Poonian is a rural village that in the Shaheed Bhagat Singh Nagar district of Punjab, India. The village is represented through a sarpanch (a representative that is elected by the village people).

The village is 16 km from Nawanshahr and 106 km from Chandigarh.

== Demography ==
As of the 2011 census, Poonian has a total of 206 houses and a population of 942, of whom 492 are males. The literacy rate of Poonian is 75.30%. Of the total population, 11.89% are children under the age of 6 years. The child sex ratio is approximately 0.836 female/male, as compared to Punjab state average of 0.846 female/male.

17.2% of Poonian residents belong to a scheduled caste, while 82.8% belong to a scheduled tribe.
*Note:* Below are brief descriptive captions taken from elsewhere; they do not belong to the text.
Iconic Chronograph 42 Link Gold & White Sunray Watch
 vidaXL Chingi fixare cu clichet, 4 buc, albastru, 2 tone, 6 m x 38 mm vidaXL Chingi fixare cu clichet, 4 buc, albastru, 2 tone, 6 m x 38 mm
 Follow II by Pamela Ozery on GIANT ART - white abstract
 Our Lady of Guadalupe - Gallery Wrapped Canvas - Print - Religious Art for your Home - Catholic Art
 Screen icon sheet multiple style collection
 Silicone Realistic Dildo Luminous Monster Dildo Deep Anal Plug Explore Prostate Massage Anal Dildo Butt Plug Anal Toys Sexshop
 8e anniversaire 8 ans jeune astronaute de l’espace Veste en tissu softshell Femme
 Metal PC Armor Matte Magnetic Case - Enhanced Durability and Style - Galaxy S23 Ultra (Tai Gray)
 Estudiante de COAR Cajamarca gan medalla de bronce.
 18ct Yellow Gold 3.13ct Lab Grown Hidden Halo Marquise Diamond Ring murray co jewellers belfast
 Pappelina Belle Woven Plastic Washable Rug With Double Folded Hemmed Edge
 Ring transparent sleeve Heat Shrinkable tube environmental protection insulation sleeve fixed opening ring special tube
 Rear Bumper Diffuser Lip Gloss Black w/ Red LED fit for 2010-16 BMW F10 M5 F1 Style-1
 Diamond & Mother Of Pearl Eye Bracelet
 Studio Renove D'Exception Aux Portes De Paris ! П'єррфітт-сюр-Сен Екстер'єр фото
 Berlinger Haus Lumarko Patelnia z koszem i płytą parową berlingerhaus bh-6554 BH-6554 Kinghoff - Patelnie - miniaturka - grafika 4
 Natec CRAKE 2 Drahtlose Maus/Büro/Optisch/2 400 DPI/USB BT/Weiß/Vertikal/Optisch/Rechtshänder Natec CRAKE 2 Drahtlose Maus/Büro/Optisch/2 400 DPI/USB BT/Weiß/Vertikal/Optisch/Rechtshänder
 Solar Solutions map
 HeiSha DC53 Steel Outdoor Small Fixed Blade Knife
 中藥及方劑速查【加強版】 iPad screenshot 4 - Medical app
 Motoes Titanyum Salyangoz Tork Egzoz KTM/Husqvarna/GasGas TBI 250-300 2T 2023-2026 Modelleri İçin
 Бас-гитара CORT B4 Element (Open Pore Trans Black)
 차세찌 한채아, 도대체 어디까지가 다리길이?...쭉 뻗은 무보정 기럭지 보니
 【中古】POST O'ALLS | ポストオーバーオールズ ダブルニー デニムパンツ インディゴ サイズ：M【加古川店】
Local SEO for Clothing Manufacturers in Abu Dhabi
314 people (278 males and 36 females) were engaged in work activities. 89.49% workers describe their work as main work and 10.51% workers are involved in marginal activity providing livelihood for less than 6 months.

== Education ==
The village is 86.7 km away from Chandigarh University, 63 km away from Indian Institute of Technology, 31.5 km away from Lovely Professional University, and 16.7 km from Industrial Training Institute Nawanshahr.

Nearby schools include:
- Govt Senior Secondary School, Ladhana Jhikka
- Dashmesh Model School, Kahma
- Govt High School, Jhander Kalan
- Govt Gigh School, Khan Khana
- Guru Ram Dass Public School, Cheta

== Transport ==
The nearest train station is in Banga. Garhshankar junction railway station is 18 km away from the village. Sahnewal Airport is the nearest domestic airport, and is 51 km from Poonian. The nearest international airport is Sri Guru Ram Dass Jee International Airport, at 141 km away.